REQUIREMENT :: Look through the listing below for the line with "1522 211th Place NE, Sammamish, WA 98074" and the line with "中市衛生局抽驗32件市售涼麵 8件初驗出大腸桿菌超標 複驗後已全數合格". Copy both, along with every line between them, exactly and with no pictures.

WORKING DATA ::
━━━━━━━━━━━━━━━━━━━━
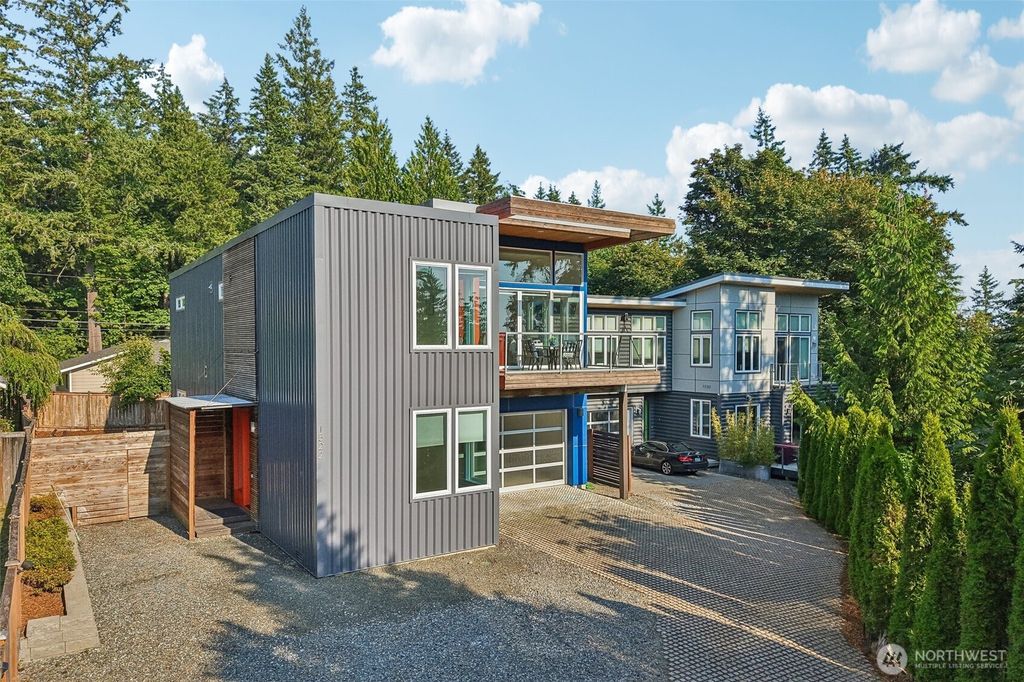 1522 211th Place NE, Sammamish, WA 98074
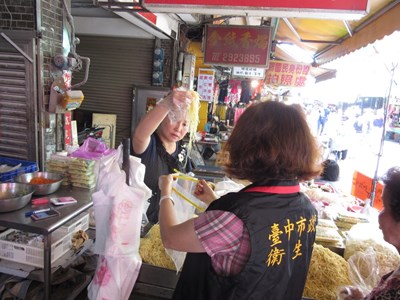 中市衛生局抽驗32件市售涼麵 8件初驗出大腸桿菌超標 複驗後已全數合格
━━━━━━━━━━━━━━━━━━━━
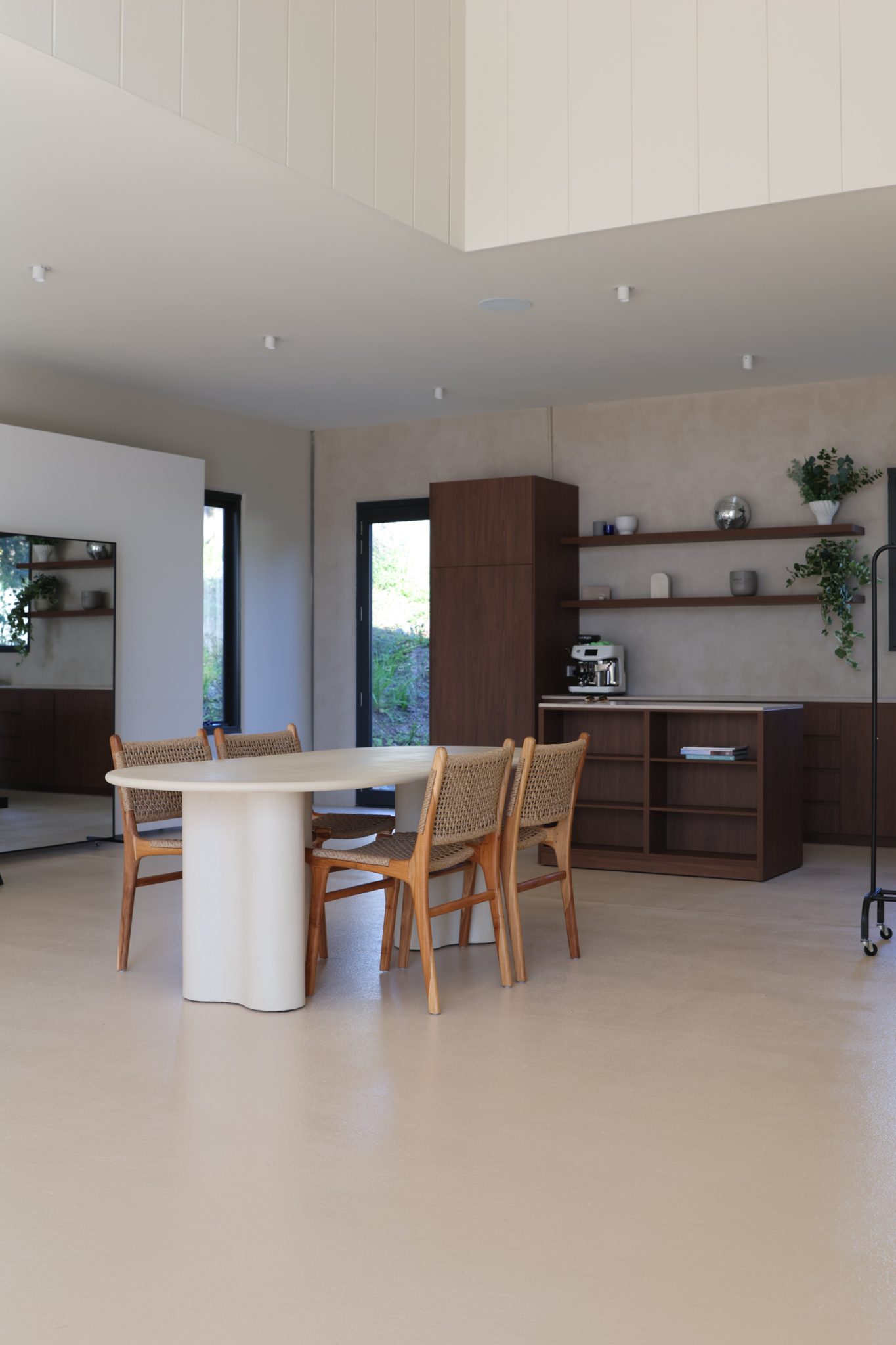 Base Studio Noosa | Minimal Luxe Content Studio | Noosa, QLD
━━━━━━━━━━━━━━━━━━━━
EXERCISE RESULT ::
 1522 211th Place NE, Sammamish, WA 98074
 中市衛生局抽驗32件市售涼麵 8件初驗出大腸桿菌超標 複驗後已全數合格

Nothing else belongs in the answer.